### WHAT YOU WILL DO
Which lines below include the string "Baidoa"? Please show each one.

### DATA
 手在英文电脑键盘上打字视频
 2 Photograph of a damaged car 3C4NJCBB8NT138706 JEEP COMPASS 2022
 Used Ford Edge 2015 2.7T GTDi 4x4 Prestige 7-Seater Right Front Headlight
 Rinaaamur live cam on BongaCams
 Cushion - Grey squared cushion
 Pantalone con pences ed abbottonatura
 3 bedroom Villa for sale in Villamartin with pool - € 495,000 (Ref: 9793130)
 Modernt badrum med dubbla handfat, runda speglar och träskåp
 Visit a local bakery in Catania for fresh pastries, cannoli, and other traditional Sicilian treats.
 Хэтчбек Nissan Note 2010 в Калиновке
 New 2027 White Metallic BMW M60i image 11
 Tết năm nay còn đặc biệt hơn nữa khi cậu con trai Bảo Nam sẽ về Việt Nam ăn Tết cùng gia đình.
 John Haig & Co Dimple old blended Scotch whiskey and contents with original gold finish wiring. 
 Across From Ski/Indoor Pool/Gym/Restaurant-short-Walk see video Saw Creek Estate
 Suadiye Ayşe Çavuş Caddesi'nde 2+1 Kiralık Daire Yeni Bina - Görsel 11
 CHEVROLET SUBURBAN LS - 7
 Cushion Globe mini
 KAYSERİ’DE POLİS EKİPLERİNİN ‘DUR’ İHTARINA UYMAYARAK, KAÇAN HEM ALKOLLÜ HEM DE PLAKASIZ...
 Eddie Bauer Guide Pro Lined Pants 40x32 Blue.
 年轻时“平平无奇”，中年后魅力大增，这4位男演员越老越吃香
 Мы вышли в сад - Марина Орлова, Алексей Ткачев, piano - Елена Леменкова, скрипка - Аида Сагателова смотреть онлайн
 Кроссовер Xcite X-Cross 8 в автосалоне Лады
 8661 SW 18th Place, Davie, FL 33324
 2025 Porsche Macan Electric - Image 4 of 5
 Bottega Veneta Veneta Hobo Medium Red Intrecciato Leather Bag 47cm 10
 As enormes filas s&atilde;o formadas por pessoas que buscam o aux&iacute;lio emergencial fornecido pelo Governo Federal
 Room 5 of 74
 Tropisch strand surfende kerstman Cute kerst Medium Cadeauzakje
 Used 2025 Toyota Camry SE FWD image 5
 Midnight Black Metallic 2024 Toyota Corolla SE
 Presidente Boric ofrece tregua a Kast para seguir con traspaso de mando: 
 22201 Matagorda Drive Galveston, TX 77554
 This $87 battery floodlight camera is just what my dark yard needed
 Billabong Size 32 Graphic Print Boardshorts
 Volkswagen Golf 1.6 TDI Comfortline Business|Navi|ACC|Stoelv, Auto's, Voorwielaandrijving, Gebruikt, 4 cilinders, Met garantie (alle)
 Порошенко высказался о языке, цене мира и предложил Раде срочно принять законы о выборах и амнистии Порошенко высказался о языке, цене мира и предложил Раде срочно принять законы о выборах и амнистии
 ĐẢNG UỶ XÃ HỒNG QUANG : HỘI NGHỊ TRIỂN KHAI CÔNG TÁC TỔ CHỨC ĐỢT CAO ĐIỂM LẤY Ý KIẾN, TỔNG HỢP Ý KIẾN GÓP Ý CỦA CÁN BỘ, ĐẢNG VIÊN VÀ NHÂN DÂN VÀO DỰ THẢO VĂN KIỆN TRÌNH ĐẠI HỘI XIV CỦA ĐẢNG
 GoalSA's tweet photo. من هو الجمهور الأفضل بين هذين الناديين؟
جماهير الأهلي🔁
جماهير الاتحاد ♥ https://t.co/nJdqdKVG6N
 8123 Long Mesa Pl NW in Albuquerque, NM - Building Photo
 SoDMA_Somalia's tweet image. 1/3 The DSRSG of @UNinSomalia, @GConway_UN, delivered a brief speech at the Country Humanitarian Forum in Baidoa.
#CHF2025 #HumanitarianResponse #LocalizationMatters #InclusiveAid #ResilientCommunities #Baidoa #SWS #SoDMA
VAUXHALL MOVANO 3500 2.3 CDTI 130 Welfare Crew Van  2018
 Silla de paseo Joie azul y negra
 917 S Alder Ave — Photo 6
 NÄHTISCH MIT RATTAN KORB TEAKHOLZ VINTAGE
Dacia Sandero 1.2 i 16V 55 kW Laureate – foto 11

### EXERCISE OUTPUT
 SoDMA_Somalia's tweet image. 1/3 The DSRSG of @UNinSomalia, @GConway_UN, delivered a brief speech at the Country Humanitarian Forum in Baidoa.
#CHF2025 #HumanitarianResponse #LocalizationMatters #InclusiveAid #ResilientCommunities #Baidoa #SWS #SoDMA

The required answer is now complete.